● **EXERCISE OBJECTIVE**
Write out, from the entries below, exactly the lines that run between the lines holding "New 2026 Joose" and "Dior Male Shirt Slim Fit M", inclusive, and stop there.

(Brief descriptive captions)
+===+

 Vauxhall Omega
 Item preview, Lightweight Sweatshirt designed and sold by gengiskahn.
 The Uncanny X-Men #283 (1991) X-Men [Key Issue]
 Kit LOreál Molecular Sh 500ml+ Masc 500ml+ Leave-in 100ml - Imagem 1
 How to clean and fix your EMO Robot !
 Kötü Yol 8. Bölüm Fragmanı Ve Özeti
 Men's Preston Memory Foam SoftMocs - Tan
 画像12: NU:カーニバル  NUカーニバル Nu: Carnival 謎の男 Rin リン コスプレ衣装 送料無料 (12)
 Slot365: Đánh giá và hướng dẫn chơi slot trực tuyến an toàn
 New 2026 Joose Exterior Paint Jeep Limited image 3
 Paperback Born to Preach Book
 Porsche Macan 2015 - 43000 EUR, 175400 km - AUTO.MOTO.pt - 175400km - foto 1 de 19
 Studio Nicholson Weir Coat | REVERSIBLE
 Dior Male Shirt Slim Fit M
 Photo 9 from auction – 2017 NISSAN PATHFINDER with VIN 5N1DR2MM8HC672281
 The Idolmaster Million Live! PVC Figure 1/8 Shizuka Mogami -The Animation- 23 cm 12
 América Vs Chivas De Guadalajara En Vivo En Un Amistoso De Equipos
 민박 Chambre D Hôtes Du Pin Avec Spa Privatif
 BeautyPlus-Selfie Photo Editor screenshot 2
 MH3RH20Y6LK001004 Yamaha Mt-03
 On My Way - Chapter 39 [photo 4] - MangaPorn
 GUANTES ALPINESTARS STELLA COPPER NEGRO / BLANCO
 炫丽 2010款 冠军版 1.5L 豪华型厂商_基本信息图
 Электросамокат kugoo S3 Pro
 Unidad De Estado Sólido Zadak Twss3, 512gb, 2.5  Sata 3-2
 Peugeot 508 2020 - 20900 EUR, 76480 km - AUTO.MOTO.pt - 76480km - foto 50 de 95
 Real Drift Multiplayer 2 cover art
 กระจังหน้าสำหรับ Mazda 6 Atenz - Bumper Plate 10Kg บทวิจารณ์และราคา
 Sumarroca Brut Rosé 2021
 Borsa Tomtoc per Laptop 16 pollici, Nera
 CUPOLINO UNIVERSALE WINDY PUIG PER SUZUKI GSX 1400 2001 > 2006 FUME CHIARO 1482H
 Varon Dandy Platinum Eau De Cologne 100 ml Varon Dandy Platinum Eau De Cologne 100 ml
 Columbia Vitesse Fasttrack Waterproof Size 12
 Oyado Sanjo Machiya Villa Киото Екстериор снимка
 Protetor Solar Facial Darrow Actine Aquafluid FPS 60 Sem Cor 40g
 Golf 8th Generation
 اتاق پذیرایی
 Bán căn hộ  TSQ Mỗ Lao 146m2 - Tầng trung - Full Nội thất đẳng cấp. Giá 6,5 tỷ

+===+

● **TASK RESULT**
 New 2026 Joose Exterior Paint Jeep Limited image 3
 Paperback Born to Preach Book
 Porsche Macan 2015 - 43000 EUR, 175400 km - AUTO.MOTO.pt - 175400km - foto 1 de 19
 Studio Nicholson Weir Coat | REVERSIBLE
 Dior Male Shirt Slim Fit M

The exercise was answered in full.